Just thought I would throw this out there if anyone is looking for some new shop lights.

Costco has a Feit 3700 lumen LED shop light on sale right now for $31.99. It has 4.5 stars on Amazon. It includes the LEDs. I bought one today and it added a tremendous amount of light to my poorly lit garage. I may add a couple more!

One thing to note is that this is a plug-in type light, so it would have to be on a switched socket, or a remotely controlled socket.


----------



## bobasaurus (Sep 6, 2009)

How does it compare in brightness to a 2x T8 fixture?


----------



## SuperCubber (Feb 23, 2012)

I didn't replace a T8, so I can't speak from experience, but based on lumen output, it's about 30% more. A 32-watt T8 puts out 2850 lumens.

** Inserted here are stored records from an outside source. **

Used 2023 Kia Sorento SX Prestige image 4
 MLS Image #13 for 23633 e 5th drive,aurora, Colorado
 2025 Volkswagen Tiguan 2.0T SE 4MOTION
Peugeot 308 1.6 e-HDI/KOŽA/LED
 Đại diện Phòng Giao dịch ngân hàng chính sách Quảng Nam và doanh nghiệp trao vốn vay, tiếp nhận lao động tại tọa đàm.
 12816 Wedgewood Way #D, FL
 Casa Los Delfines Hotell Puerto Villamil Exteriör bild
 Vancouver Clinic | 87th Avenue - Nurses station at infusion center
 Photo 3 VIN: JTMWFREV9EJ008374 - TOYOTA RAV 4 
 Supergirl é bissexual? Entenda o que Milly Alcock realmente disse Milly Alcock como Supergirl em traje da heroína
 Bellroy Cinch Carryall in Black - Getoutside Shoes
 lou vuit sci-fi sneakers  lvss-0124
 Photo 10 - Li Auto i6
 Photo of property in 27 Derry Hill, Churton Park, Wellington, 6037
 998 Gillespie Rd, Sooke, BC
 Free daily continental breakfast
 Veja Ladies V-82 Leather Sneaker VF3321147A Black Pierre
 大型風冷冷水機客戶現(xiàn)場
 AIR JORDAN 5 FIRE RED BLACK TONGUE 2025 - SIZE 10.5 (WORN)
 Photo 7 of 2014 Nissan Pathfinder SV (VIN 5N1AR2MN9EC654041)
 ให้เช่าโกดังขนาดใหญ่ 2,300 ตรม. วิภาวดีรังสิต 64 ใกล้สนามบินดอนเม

Although, that could be per bulb; in which case, the T8 would be brighter.


----------



## Redoak49 (Dec 15, 2012)

I found a T8 bulb that was 2800 lumens per bulb and $2.50. The rated life is about 24,000 versus 50,000 hours for LED.


----------



## Tennessee (Jul 8, 2011)

The only thing is this is rated at 4100 Kelvin, which is a cool white, or bright white. I have over my benches where I do my staining and coloring fluorescents with daylight bulbs, which are above 5000 K. I learned the hard way years ago to always use daylight bulbs for proper coloring.
They might be good for other parts of my shop, though. I get sick of replacing fluorescent bulbs.


----------



## altendky (May 7, 2012)

I believe the 2850 lumen of a 'standard' T8 is per bulb so the LED is less. My calculations have put the efficiency in the back seat as it's only a 10% or so improvement. The instant on, no flickering, and improved life are the value. If limiting yourself to this option then the color temp may be a significant issue though. Note that most personal shops are not going to get the rated life out of a flourescent bulb because they are intended to be turned on and left that way more or less. Also, I wouldn't be getting LED bulb's except that I get them at Costco where I can have the store honor the warranty effectively (not looking to abuse, I've only returned two or three items in 10 years). Even if the 22 year rated bulbs I've gotten so far only last 10, odds are by then there will be something niftier anyways.


----------



## SuperCubber (Feb 23, 2012)

They are definitely very white, but for general lighting, it was a good enough deal for me!


----------



## tsdahc (Dec 18, 2011)

I have so far installed 4 of these in my shop, I like them. Some advantages is they are bright, they are light and if you drop them they dont shatter (bulbs are plastic). Also Costco has the best return policy so if they die, they go back and Im not out any money but so far I have not had any issues. They are not daylight as stated above but I have 6 LED can lights in the same area that are daylight (what can I say I like a bright shop after working in my previous dungeon shop). I find I like the mixture of 5000K can lights and the 4100K shop lights. As far as compared to a regular T8, I didn't notice much difference in how bright the light is, only notable difference was in color. One thing to note on the difference between LED T8 style lights compared to regular T8 bulbs, LED are directional where as regular T8 throws lights 360 degrees. A LED can be less lumen and still give you more light as it is directed down where as a regular T8 has to rely on a reflector to take light and redirect it down. Im happy with them. When I complete my shop I will have 14 LED Daylight can lights, 6 LED shop lights on the ceiling and 2 LED shop lights under cabinets. The real advantage for me is heat savings and power draw. My can lights are 1100 lumens each 75 watt replacements, if your looking for a bright bulb you cant beat G7 Power LED light bulbs their 4000K BR30 bulb is 1175 lumens 13 watts and the 5000k bulb is 1100 13 watts. If I would have went with incandescent and fluorescent my total lighting wattage would have been 1658 watts, with the LED I am running at 450 watts.


----------



## knotscott (Feb 27, 2009)

Any idea how these do below 32°F…. near 0°F? My fluorescents drop about 75% of the output when it gets really cold.


----------



## BigMig (Mar 31, 2011)

Sorry for an additional question

but If I'm using 4' fluorescent shop light fixtures, isn't that light also not perfect daylight? What temp are they and would the LEDs be an upgrade? Or would I still be off when looking for subtle color effects?

Thanks all !


----------



## DIYaholic (Jan 28, 2011)

Mike,
Fluorescent bulbs come in a range of color temps….


----------



## Lucasd2002 (Sep 12, 2014)

Almost makes me want to join costco. For those that installed these, my understanding is that they come with a cord and plug… is that correct?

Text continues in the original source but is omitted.